The rioting and looting was quickly attributed to Melbourne’s criminal element by all of Melbourne’s newspapers, but subsequent court records show that most of the offenders who were apprehended were young men and boys without criminal histories.
Baltimore 1974. On July 7, police launched a campaign of intentional misbehavior and silliness; on July 11 they began a formal strike. The department reported an increase in fires and looting, and the understaffed BPD soon received support from Maryland State Police.
Ecuador 2010. The 2010 Ecuador crisis took place on 30 September 2010, when elements of the National Police blockaded highways, occupied the National Parliament, blocked the Mariscal Sucre International Airport in Quito and the José Joaquín de Olmedo International Airport in Guayaquil, and took over TV Ecuador’s station, in what they claimed was a strike to oppose a government-sponsored law that supposedly reduced their benefits. Unrest and looting was reported in seven provincial capitals of the country due to the lack of law enforcement.
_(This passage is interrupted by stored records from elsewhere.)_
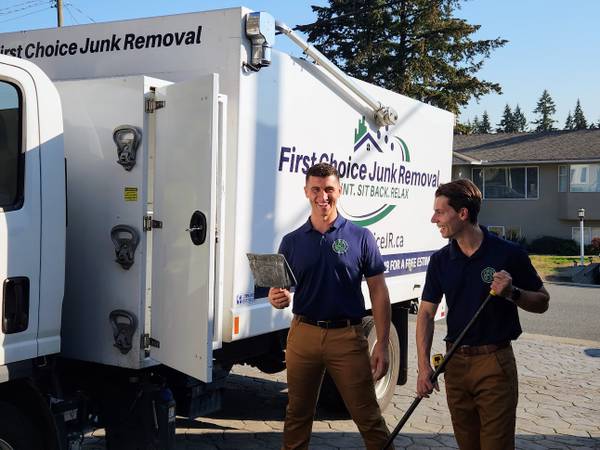 🚛 FIRST CHOICE JUNK REMOVAL ♻️ 7 days - 8AM-6PM ♻️ 1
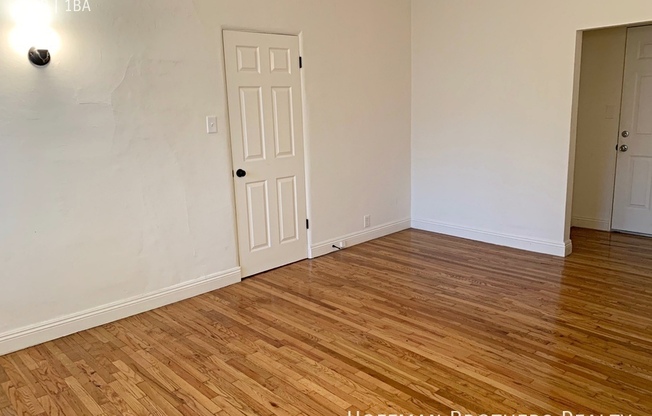 652 S DUNSMUIR AVE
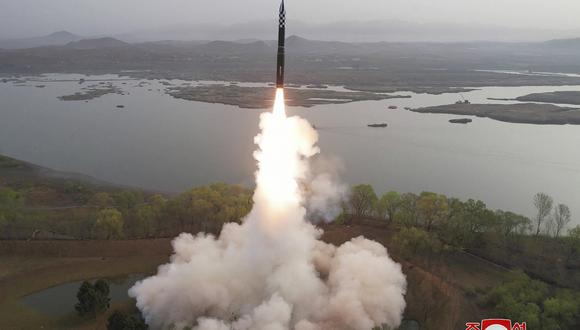 La prueba de fuego del nuevo misil balístico intercontinental Hwasongpho-18 en un lugar no revelado en Corea del Norte, el 13 de abril de 2023. (Foto de KCNA VIA KNS / AFP)
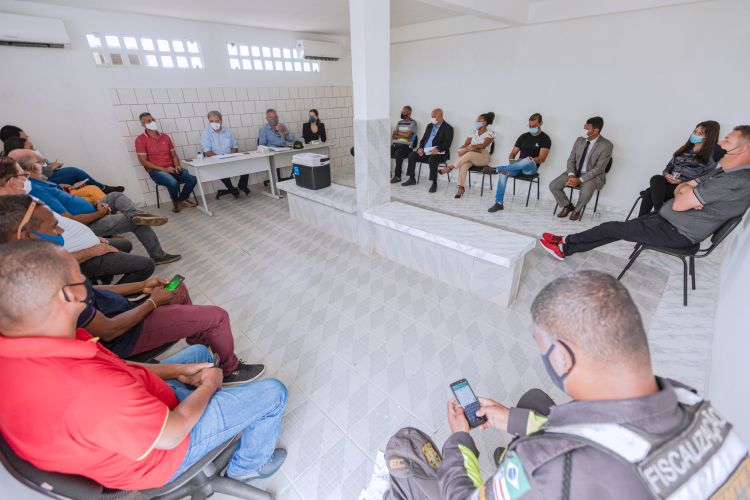  Prefeitura dialoga sobre reajuste tarifário do transporte público com cooperativados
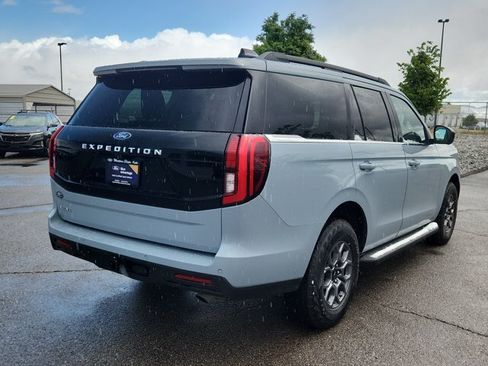 Certified 2025 Ford Expedition Active AWD/4WD image 3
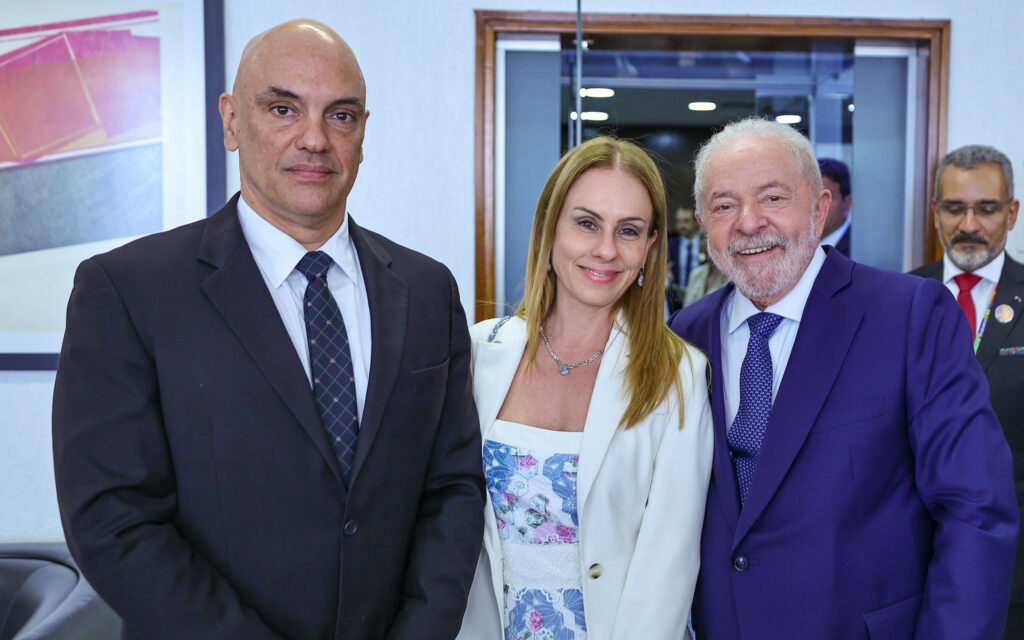 Dona Vivi complica Alexandre de Moraes – de novo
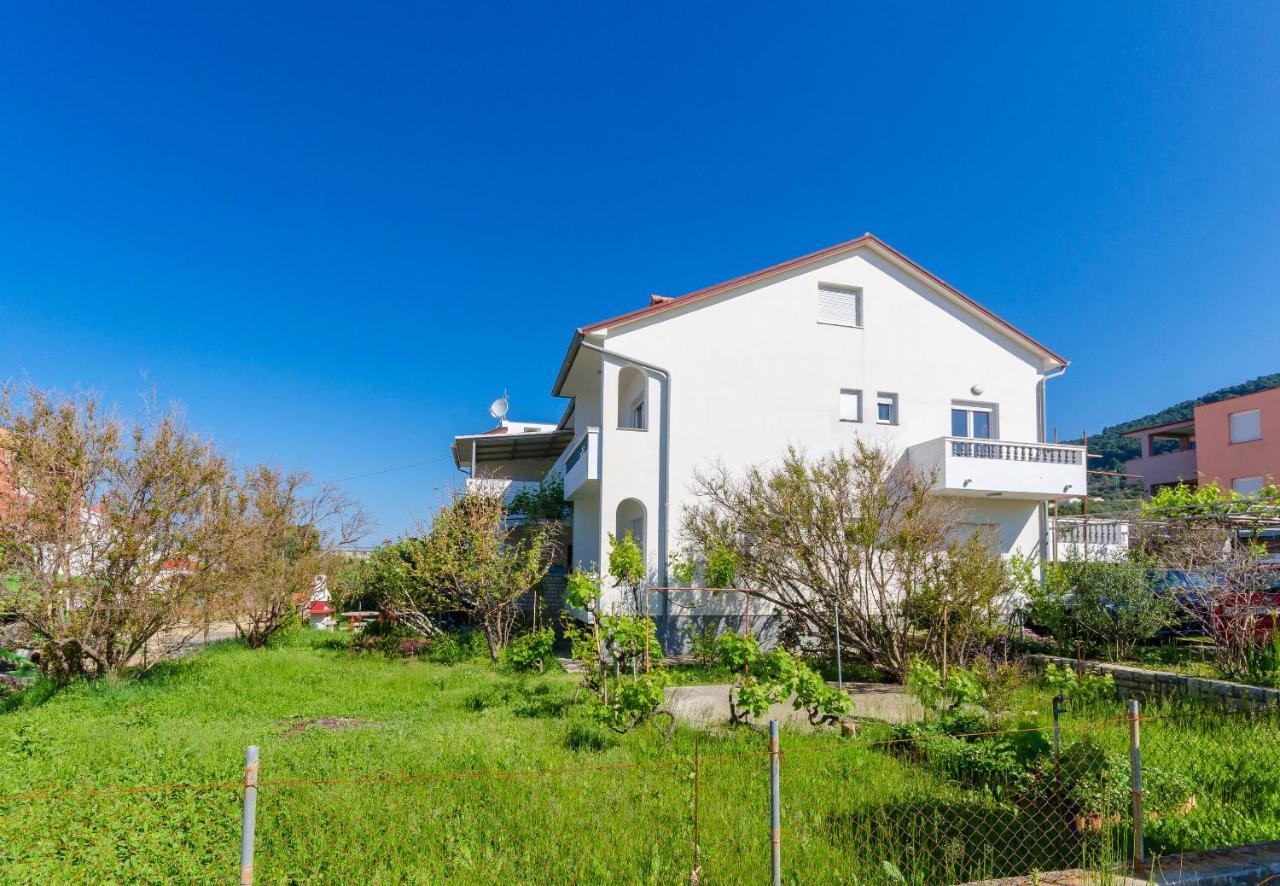 Apartments Slavica R Banjol Eksteriør billede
Argentina 2013. The looting began on 3 December in Cordoba, Argentina’s second-largest city, when the provincial police force went on strike. More than 1,000 stores were robbed, hundreds of people were injured and one person was killed.
Forces in 20 of Argentina’s 24 provinces followed the example of their colleagues in Cordoba, inviting widespread robbery and violence. Opportunistic members of the public “broke through shop windows and wrenched open doors to load up wheelbarrows and horse-drawn carriages with food, clothing and furniture”. By 11 December, most governors had settled with their police forces, offering salary raises of as much as 45%. In many of these cases, lootings were carried out by organized criminals on motorcycles or by foot, who broke in different neighborhoods to steal anything they could find around them. They carried firearms and sticks, among other items.
As a result of the numerous riots and looting in most districts, 18 deaths were recorded (although this is not an official figure) and hundreds injured, especially due to armed clashes taking place in the Tucumán Province.
London 1918. The swiftness of the strike and the solidarity of the men shocked the government. By the next day, 30 August, 12,000 men were on strike, virtually the entire complement of men in the Metropolitan Force. The government deployed troops at key points across the capital in response and its priority was to end the strike. Prime Minister Lloyd George, who had been in France when the strike started, called a meeting on the 31st with the executive of NUPPO, and the strike was settled that same day.